Re: [PATCH] hfsplus: fix decomposition of Hangul characters

Ernesto A. Fernández <ernesto.mnd.fernandez@xxxxxxxxx> · Tue, 28 Nov 2017 15:51:02 -0300

On Tue, Nov 28, 2017 at 04:15:18PM +0000, Hin-Tak Leung wrote:
> 
> --------------------------------------------
> On Tue, 28/11/17, Ernesto A. Fernández <ernesto.mnd.fernandez@xxxxxxxxx> wrote:
> 
> > The algorithm is very simple, the best way to
> > understand it is just
> > looking at the code. I
> > don't know the first thing about Korean writing, so
> > I don't think I should attempt to explain
> > why the decomposition is done
> > this way. If
> > somebody else is interested in the details, they can
> > follow
> > the citation in the header comment of
> > the decompose_hangul function.
>  
> Apologies for coming into this a bit late.
> 
> A couple of points:
> 
> 1. Hangul canonical composition and decomposition is a separate topic from compositions of latin characters with accents. It is described in 
> 
>  http://www.unicode.org/reports/tr15/tr15-18.html#Hangul
> 
> among other sources.

I am aware of that, that's the reason this patch exists.
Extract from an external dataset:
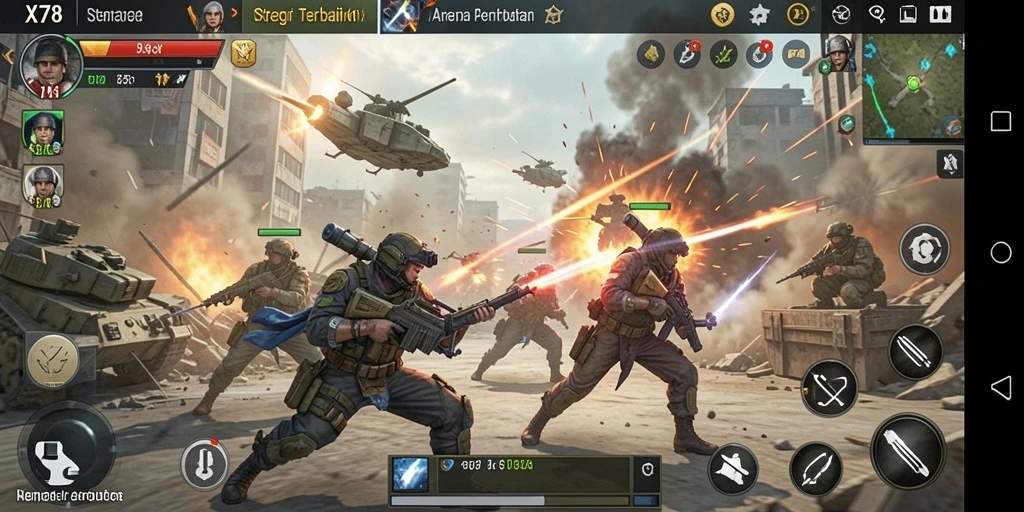 Screenshot gameplay X78 menampilkan pertempuran strategi yang intens.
If you check the
commit message, you will see it reads:

    "This happens because the normalization of Hangul characters is
    a special case"

> 2. I think the mount option is a bit of a red-herring. I think we should just do what Mac OS X does - I think in the tech note it says something about storing things always in the decomposed form or composed form. Ideally we should make the differing mount options no-ops. Mac OS X does not need extra mount options, we shouldn't either.

MacOS stores the filenames in the NFD form, that is, decomposed. The problem
here was that linux was forgetting to decompose the Hangul.

The mount option has nothing to do with this patch, other than the fact
that it could later be used to access Hangul filenames potentially
stored (mistakenly) without decomposition. It is a very unlikely situation.

As to why the mount option exists, I couldn't tell you. It was here before
the git tree. It is disabled by default anyway, so it's not bothering
anyone.

Thanks,
Ernest